5 February 2018

GDPR - the new General Data Protection Regulation

On 25 May 2018, EU’s new General Data Protection Regulation becomes effective. The new regulation highly emphasises documentation, and the consequence of not having one’s data under control may be fined with up to 4% of your annual turnover. We help you to become ready.

What is GDPR?

In 2016, new rules were adopted for processing of personal data, known as GDPR (General Data Protection Regulation), which becomes effective on 25 May 2018. For Danish companies, the new rules replace the Act on Processing of Personal Data from 2001.

Basically, GDPR is a modernisation of the old law on processing of personal data which no longer can keep up with the technological development. This means that the articles of the new General Data Protection Regulation are more or less unchanged, however, with increased attention to compliance and thus increased risk of penalty, while other articles involve new initiatives.

With the increased risk of penalty and the very high fines, the companies are forced to get a total overview and control of their data processing flow. Many companies have previously not attached much importance to personal data security since it has not been considered as particularly business critical but with the new General Data Protection Regulation, it will be a competitive parameter to have one’s data under control – a parameter which we would be happy to help you win!

Right to be forgotten

The largest attention regarding the new General Data Protection Regulation is concentrated on the right of the data subjects to be forgotten. In reality, this right is not new but the increased attention in the new General Data Protection Regulation means that you as a company must have the processing and storage of your data under total control to live up to the requirement.

First of all, all data subjects – in your case this is most often your customers – shall voluntarily, specifically and ambiguously have given their consent to your processing of their personal data. In addition, it shall be possible for the data subjects to have access to the personal data at any time which you as a company have on the person in question, have the option of changing and have information updated and at any time have the opportunity of having the information deleted or anonymised.

For this to be possible, it is therefore important that you can document your processing of personal data, including: collection, registration, storage, adjustment or modification, recovery, use, transmission, linking or integration, limitation, deletion or destruction. This means that the first and largest step towards living up to the new General Data Protection Regulation is that you map and document where, how, when and by whom your data is processed.

The 7 principles of the regulation

Lawful, fair and transparent processing
Consent and information about the controller shall be given and processing of data must be available

Purpose limitation
A specific purpose for the collection of data must exist

Data minimization
The company only collects data which is relevant

Accuracy
Data must be updated to ensure that the information is always correct

Storage limitation
Data shall only be stored as long as it is necessary

Confidential and secure​​​​​​​
Data must be processed confidentially and reliably

Accountability and liability
The company is responsible for compliance of the principles and the burden of proof rests with the company

GDPR

Checklist from DI Digital

To help companies with an overview of the new General Data Protection Regulation, DI Digital has developed a checklist with questions related to the most important issues. It is therefore important that you can answer these questions:

1. Are you subject to the regulation?

2. Is the information that you want to process subject to the regulation; is the information to be considered personal data?

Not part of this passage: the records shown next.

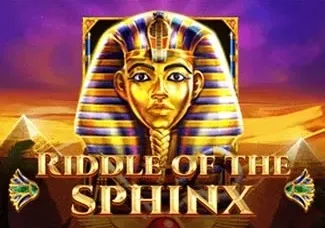 Riddle Of The Sphinx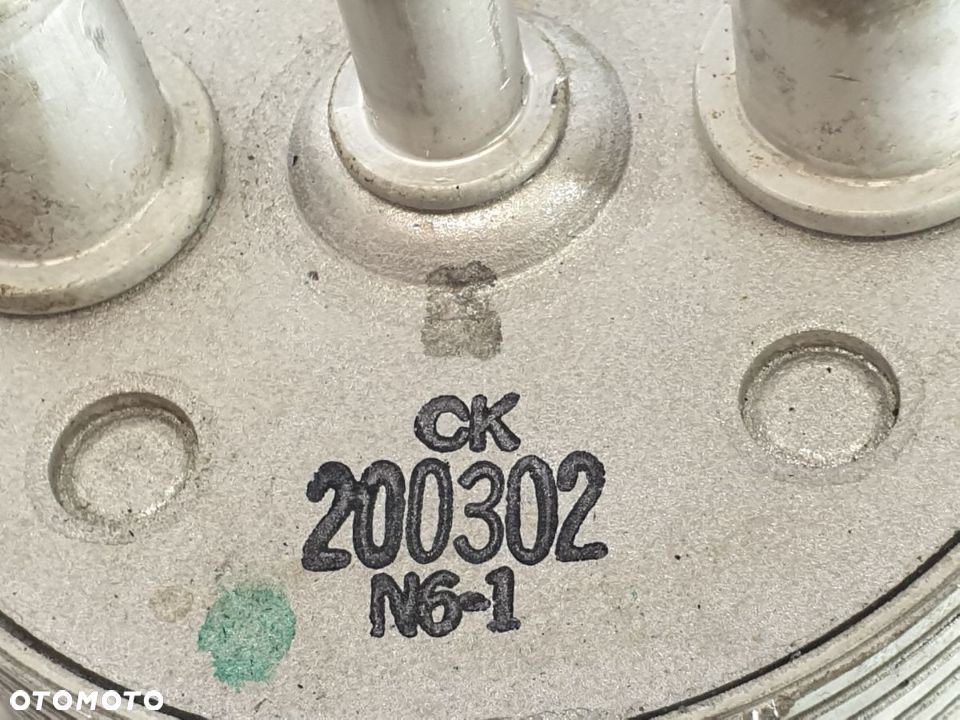 SUBARU FORESTER V 19 22r Chłodniczka Wody Oleju 2.0 e BOXER - 7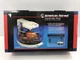 American Harvester Jet Stream Expander Ring ER-2000 Counter Top Oven JS-2000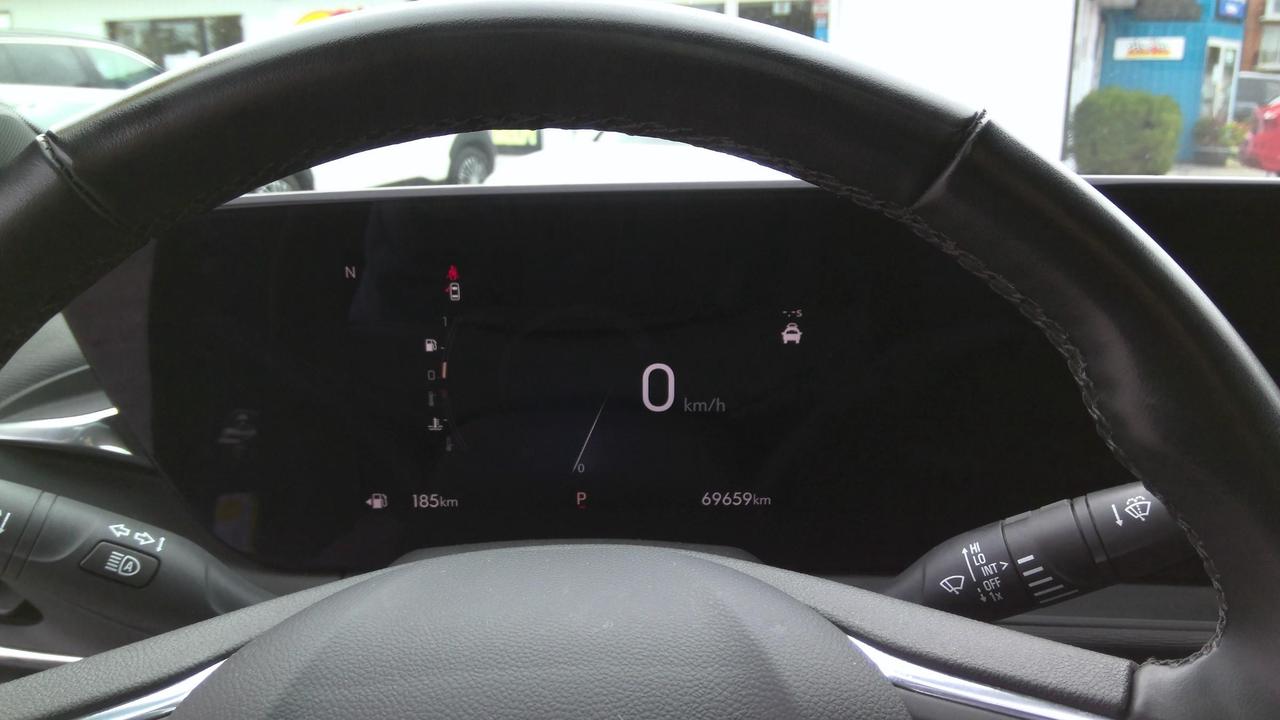 2024 Buick Envista Preferred 4dr Front-Wheel Drive Photo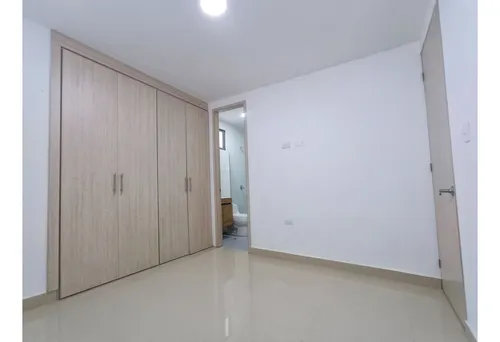 Vendo Apartamento En Los Alpes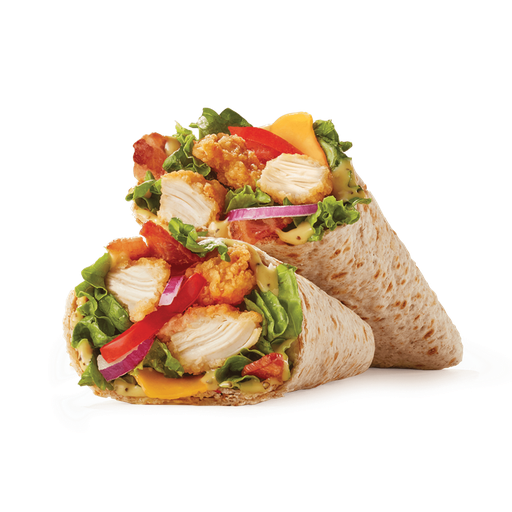 Classic Wrap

3. What categories of personal data do you want to process?

4. What processing operations do you want to make?

5. Do you play a role as controller or processer in relation to the specific processing operations?

6. Do you have a legal basis to process the requested categories of personal data?

7. Do you fulfil the principles for processing the data?

8. Is the processing required (proportional)?

9. Can you handle information in a less intrusive way and still achieve the purpose?

10. Do you fulfil the rights of data subjects when processing personal data?

11. Do you fulfil your obligations (including transfer and security) by processing personal data?

12. Do special conditions apply for your processing of personal data?

At www.di.dk/persondata, DI also offers a number of specific tools to help companies implement the General Data Protection Regulation and the various items in the checklist.

This is how we help our customers

In Hesehus, we would like to help our customers get ready for the new legislation by preparing an analysis of the personal data you are in possession of through our solution. The analysis contains the following:

  • mapping of personal data and who has access to it – including third party integrations.
  • identification of areas which do not live up to the regulation at present – including consent for the collection of data and deletion, export and filling of data.
  • review of technical and organisational protection – including division of responsibilities in practice.

Based on the analysis, we prepare a report for you which contains documentation of the above-mentioned items and recommendations for necessary changes such as the handling of the use of third party software, division of user access and similar allowing you to live up to the new General Data Protection Regulation.

Furthermore, we will of course also help you with the preparation of a data processor agreement between you and us as a supplier. The purpose of the data processor agreements is to ensure that the requirements, which you have to comply with as controller, are satisfied and apply to your suppliers.

The countdown has started!

New legislation can be a handful and it often ends up being postponed because it is time-consuming to get acquainted with – but a lot of money can be at risk.

Companies that do not comply with the new General Data Protection Regulation on 25 May 2018 may risk fines of up to 4% of the annual turnover or a maximum of EUR 20 million.

It is therefore important that you get an overview of the new rules and what they mean to you.